There’s the flap on the media about how much more polite and less threatening it is to say ‘Happy Holiday’ instead of ‘Merry Christmas’ and kids now have Winter breaks from school instead of Christmas break. They’re still out of school, though, and most of them still go to bed on Christmas Eve all hyped up and excited about those wrapped gifts under the tree.
The politically correct police try to pretend there’s no deeper meaning than Santa Claus and Frosty the Snowman and apparently big business agrees as we’re inundated with advertising to urge us to shop, shop, shop, spend, spend, spend, until we collapse from all the stress and turkey and pie overload.
But there’s something deeper, richer about the last days of December than the other days of any given year. After all, why do people decorate the outside of their houses, put up trees inside, bake goodies to give away and spend hours shopping and wrapping gifts? If it’s all just a marketing ploy why does the time of Christmas mean excitement or joy, or peace or any number of other feelings to millions? Oh, sure, not everyone has a happy Christmas memory from childhood but why do we all long for the warmth, the promise of peace and the happiness that seems to go with the time of year?
How could the world’s people, so different in their customs, their traditions, their histories and their memories all want the same things, peace and joy? And keep on wanting those things generation after generation, time after time? And keep on trying to make life less bleak, less dark, less painful. More filled with light and beauty. And peace and joy. Why?

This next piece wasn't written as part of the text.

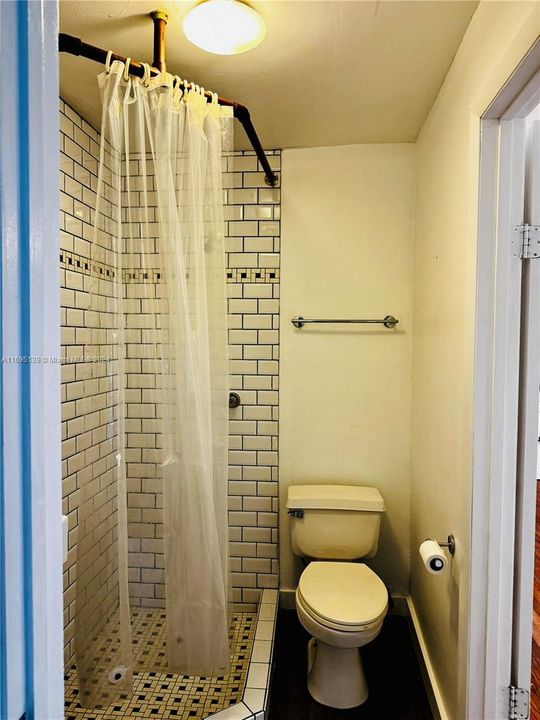 The bathroom, accessible through two separate doors from the ground-level bedroom and the corridor, features a corner shower with white subway tiles and mosaic accents, a sleek black vanity with a square sink and mirror, white-painted walls, and dark flooring, creating a compact, modern, and functional design.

Unless. Unless, we were made with a soul and a spirit that respond to joy and peace. Made with a soul and a spirit that crave the knowing that we were made for something greater than the everyday. That we were made for joy and peace.

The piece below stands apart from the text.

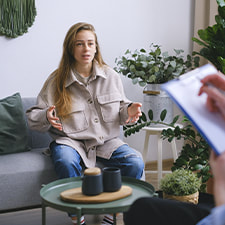Photo of a woman talking to a neuropsychologist during a psychological assessment. This illustrates how these evaluations can help identify specific conditions or disorders, marking the starting point for your journey toward progress.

It was that same craving that sent those three Wisemen on a road trip, following a star that they believed would lead them to the very originator of joy and peace. They found that joy. It came to the world in that tiny baby, Jesus.

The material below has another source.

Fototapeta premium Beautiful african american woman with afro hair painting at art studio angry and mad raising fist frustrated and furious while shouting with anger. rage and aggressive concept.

Every year we go through it all again, we wrap those presents, decorate that tree. Every year we search for peace and joy. Every year we’re reminded of the real meaning of life. And if we listen to the twinkling lights, the rustling of the wrapping paper and the faint sound of carols through the night, we’ll find that peace and joy. Just like the Christmas carol says, ‘Joy to the world, the Lord has come.’ Come for you. Come for me.